In the late 19th century, Jews from Iraq, and some from Iran and India settled in Bahrain and subsequently established a synagogue. After the 1947 UN Partition Plan which envisaged partitioning Palestine into Jewish and Arab states, three days of protests and marches erupted. On the third day, the demonstrators began rioting.[3] Jewish homes were looted and the only synagogue on the island, in the capital city of Manama, was razed to the ground by foreign[4][2] Arab rioters. Even though the tensions resulted in Jews emigrating to Britain and the USA, another synagogue was built for those who remained.

Recently, as the synagogue is no longer in use, the Jewish community wanted to convert the building for another use or give it to charity, but the government wouldn't allow it.

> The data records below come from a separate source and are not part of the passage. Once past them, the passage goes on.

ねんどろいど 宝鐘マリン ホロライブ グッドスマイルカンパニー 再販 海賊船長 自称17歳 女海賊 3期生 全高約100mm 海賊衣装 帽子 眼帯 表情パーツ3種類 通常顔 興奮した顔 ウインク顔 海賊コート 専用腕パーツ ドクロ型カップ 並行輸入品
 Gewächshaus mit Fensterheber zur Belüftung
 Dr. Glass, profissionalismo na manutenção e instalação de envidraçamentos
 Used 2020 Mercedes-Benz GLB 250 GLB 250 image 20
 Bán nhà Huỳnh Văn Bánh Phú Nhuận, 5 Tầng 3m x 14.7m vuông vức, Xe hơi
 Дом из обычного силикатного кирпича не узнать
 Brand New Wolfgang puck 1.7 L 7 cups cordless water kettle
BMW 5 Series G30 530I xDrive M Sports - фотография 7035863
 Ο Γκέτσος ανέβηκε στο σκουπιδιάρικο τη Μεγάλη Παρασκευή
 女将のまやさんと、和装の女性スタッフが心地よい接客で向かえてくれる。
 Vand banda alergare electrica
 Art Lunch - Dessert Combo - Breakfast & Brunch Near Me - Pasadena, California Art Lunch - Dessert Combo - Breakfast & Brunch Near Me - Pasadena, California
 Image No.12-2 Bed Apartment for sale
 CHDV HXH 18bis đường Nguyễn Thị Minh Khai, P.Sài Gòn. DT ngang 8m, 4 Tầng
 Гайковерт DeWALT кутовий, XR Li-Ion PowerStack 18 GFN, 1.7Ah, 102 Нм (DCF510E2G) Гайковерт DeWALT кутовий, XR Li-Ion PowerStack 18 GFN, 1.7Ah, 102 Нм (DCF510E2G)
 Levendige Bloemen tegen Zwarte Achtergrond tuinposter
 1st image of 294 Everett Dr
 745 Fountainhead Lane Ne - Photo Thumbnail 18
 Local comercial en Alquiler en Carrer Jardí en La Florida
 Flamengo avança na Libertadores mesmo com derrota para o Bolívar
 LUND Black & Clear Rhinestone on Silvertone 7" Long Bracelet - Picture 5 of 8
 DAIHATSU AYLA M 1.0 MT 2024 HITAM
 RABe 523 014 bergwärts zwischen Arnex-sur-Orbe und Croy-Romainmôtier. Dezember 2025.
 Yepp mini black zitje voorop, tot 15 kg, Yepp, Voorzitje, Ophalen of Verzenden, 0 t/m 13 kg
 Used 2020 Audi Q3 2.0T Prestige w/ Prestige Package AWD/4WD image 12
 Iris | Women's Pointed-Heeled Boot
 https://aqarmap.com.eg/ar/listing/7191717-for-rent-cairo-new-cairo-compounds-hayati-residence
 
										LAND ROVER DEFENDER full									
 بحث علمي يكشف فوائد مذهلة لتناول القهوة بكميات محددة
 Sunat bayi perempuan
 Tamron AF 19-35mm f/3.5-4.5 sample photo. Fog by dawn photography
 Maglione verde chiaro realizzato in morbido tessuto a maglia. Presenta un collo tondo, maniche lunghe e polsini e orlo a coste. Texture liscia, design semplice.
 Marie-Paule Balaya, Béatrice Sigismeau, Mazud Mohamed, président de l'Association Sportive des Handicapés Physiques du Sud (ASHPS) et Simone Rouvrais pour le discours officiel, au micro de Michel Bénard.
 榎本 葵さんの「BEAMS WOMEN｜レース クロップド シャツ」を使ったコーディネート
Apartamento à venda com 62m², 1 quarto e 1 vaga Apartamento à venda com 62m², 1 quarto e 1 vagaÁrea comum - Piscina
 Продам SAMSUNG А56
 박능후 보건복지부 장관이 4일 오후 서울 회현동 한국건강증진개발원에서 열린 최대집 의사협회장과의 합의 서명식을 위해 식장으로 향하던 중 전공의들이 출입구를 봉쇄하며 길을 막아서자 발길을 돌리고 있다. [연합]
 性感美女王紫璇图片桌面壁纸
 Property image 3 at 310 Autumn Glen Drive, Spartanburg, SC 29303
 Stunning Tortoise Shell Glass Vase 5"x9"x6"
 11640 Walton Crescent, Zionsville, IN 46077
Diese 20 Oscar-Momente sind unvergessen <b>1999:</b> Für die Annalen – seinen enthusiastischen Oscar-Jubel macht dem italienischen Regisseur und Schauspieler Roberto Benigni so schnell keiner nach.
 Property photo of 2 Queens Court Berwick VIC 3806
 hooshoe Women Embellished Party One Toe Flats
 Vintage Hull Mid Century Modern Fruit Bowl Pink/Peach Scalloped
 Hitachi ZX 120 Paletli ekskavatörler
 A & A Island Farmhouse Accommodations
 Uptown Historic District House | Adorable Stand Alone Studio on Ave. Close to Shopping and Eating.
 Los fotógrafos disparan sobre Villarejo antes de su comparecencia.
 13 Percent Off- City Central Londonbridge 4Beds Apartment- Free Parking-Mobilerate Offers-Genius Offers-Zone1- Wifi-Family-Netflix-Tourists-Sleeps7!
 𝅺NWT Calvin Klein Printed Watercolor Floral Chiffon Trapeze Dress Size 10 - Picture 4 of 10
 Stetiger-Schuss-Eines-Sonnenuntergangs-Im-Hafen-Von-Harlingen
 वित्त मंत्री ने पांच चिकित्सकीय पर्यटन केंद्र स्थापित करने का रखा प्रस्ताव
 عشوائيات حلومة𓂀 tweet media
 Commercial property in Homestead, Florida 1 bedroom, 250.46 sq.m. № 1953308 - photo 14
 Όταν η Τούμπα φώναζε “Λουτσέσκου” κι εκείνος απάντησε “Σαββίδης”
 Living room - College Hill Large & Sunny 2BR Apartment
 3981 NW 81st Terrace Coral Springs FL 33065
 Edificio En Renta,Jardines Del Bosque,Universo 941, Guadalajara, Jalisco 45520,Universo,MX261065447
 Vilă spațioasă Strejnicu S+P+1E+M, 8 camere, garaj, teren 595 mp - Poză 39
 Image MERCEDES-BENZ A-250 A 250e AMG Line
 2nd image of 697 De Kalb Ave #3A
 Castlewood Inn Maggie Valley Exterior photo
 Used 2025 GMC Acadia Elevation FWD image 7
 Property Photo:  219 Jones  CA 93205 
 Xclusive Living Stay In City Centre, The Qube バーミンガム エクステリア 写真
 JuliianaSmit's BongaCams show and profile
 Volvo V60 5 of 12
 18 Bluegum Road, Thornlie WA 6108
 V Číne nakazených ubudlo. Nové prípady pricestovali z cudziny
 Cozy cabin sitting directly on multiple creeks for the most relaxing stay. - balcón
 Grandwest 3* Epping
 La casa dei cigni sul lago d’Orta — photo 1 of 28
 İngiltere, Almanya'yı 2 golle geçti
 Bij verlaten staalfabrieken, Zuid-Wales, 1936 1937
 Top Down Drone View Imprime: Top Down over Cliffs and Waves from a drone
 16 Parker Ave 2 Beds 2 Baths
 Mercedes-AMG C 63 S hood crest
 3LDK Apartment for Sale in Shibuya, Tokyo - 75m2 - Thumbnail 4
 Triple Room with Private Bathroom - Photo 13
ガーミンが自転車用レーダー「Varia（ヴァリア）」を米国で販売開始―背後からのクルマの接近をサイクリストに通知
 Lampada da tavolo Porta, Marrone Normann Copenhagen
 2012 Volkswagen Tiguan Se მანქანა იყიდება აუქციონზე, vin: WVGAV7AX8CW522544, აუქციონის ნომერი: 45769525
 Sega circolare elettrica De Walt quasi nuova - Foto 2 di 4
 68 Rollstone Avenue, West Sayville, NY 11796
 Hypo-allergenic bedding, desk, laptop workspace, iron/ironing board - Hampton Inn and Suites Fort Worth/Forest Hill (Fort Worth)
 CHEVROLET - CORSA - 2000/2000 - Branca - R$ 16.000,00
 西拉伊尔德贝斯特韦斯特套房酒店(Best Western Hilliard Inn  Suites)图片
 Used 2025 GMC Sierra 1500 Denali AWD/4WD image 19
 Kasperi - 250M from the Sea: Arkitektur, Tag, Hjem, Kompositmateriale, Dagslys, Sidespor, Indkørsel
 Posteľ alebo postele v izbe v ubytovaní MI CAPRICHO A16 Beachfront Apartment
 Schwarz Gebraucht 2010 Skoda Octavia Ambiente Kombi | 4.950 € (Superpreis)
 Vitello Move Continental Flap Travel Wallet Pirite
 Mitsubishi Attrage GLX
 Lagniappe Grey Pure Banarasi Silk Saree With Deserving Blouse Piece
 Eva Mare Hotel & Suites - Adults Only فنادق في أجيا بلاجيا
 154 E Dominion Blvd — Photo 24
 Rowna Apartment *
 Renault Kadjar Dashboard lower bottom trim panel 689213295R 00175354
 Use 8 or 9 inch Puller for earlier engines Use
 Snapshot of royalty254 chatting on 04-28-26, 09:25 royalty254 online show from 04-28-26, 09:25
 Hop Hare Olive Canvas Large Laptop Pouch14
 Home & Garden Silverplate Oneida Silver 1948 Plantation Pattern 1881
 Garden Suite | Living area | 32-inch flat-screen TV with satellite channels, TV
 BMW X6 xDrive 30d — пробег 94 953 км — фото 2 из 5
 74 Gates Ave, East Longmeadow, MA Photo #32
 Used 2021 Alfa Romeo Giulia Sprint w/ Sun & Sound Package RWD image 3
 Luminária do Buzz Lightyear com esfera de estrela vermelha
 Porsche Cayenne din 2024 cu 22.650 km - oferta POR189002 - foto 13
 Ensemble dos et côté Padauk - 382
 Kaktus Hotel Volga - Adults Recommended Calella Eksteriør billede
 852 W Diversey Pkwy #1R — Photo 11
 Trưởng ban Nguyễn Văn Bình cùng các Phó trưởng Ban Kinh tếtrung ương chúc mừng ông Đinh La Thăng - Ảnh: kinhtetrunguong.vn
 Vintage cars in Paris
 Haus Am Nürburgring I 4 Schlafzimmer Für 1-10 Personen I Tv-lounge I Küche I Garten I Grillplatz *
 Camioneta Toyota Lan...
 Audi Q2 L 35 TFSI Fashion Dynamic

They insisted it remained as a synagogue.[1]

In 2006 after the roof began to fall in, Abraham David Nonoo, the Jewish community’s unofficial leader and a member of Bahrain’s forty-man shura, or parliamentary council, undertook to renovate the synagogue out of his own funds[2], although Bahrain's Crown Prince Sheikh Salman bin Hamad Al Khalifa has offered to pay for the construction of a new synagogue on the same site[5].

At the time the government also offered the Jewish community a piece of land to rebuild the old synagogue which was destroyed in 1948 and not rebuilt.[4]